_DATA IN THIS EXERCISE_:

*** Block opens ***

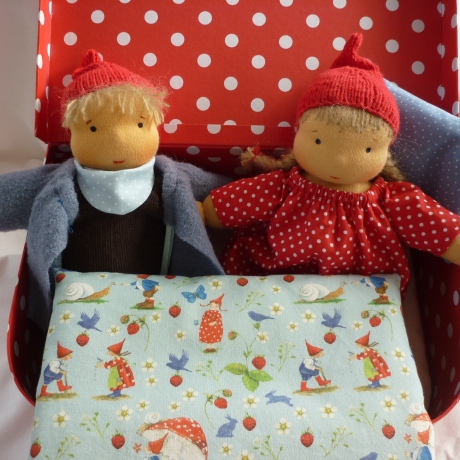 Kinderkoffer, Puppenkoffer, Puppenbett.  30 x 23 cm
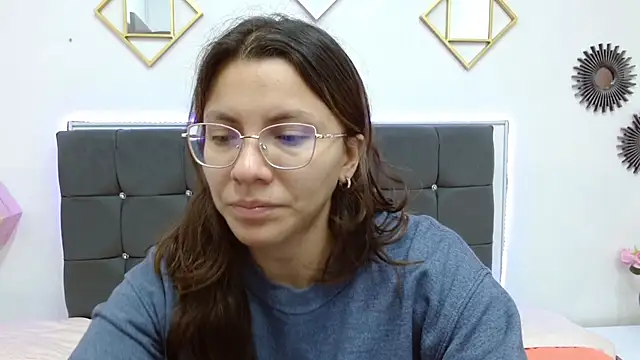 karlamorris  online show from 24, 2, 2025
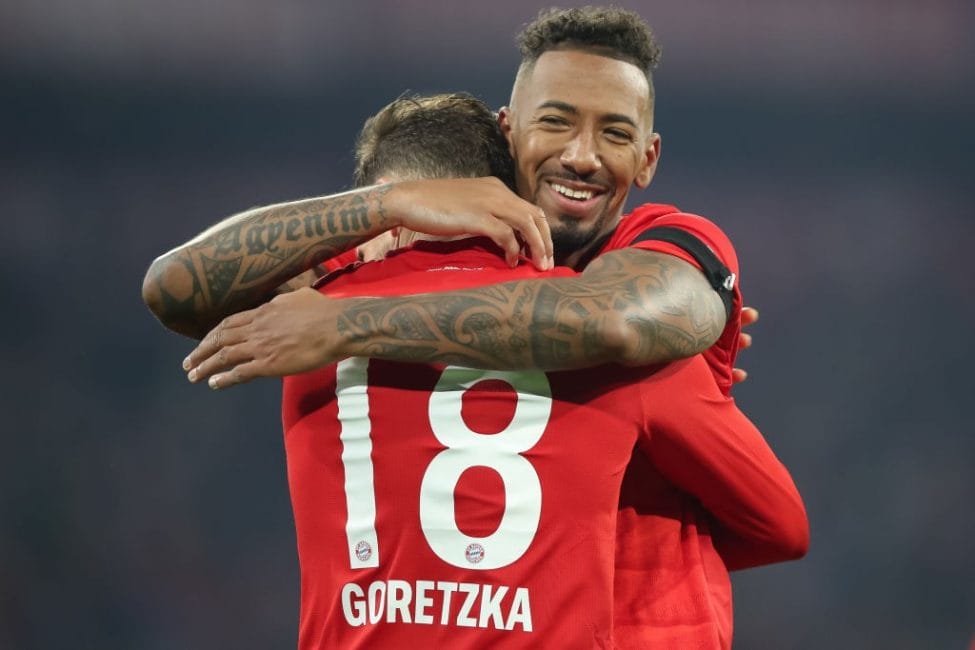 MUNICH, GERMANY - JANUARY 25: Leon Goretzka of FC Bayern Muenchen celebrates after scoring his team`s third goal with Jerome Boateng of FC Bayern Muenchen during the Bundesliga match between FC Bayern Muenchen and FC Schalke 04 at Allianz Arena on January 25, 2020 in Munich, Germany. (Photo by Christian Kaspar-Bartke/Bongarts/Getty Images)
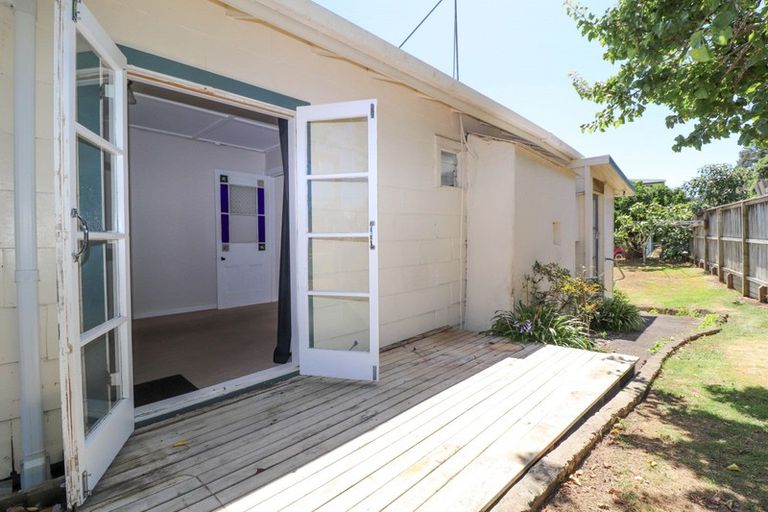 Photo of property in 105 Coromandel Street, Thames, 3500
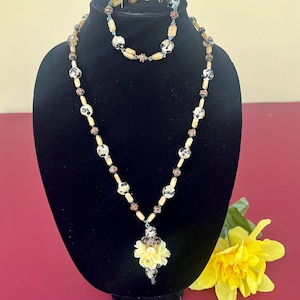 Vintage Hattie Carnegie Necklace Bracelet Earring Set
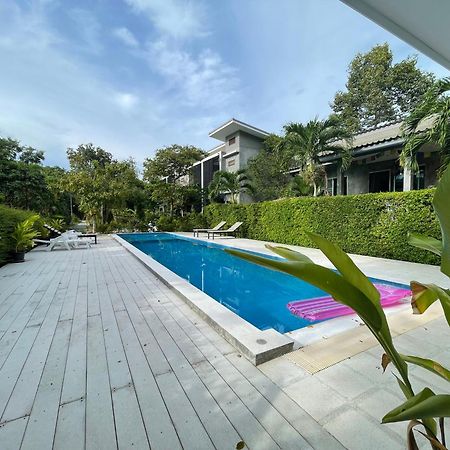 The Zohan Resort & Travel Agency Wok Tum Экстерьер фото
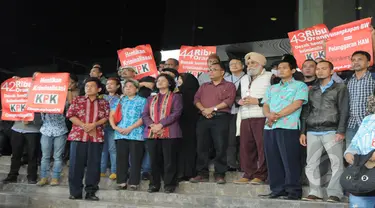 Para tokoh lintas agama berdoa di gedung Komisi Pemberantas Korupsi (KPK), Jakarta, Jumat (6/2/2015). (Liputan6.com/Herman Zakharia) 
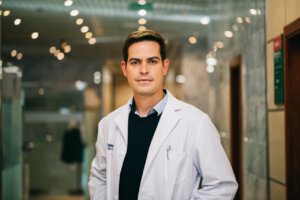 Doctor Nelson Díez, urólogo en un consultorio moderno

*** Block closes ***
*** Block opens ***

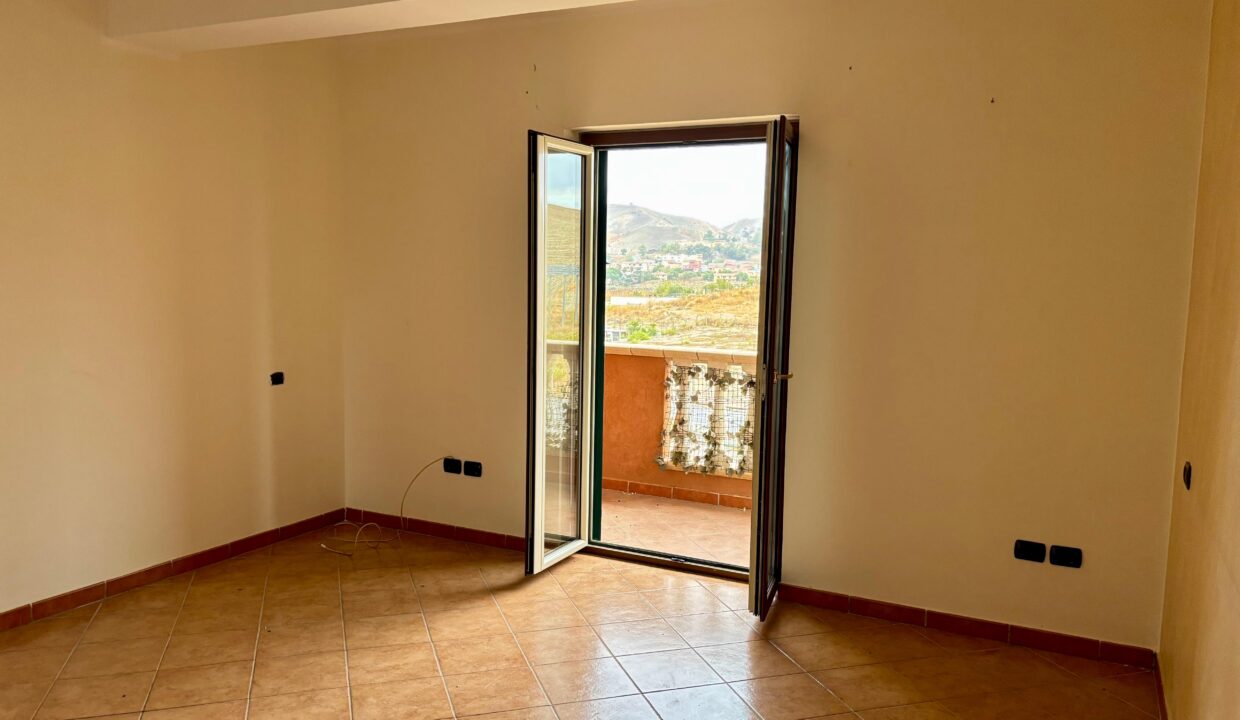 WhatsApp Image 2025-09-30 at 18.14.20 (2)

*** Block closes ***
*** Block opens ***

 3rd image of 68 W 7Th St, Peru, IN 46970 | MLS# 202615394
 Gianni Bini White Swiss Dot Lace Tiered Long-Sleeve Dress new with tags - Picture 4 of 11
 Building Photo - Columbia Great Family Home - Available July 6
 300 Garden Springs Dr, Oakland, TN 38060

*** Block closes ***

_HOW TO COMPLETE THIS TASK_: In the records above, copy exactly everything from the line that has "The Zohan Resort" down to the line that has "Doctor Nelson Díez, urólogo", both ends included, and leave out the pictures.

_EXERCISE SOLUTION_:
 The Zohan Resort & Travel Agency Wok Tum Экстерьер фото
 Para tokoh lintas agama berdoa di gedung Komisi Pemberantas Korupsi (KPK), Jakarta, Jumat (6/2/2015). (Liputan6.com/Herman Zakharia) 
 Doctor Nelson Díez, urólogo en un consultorio moderno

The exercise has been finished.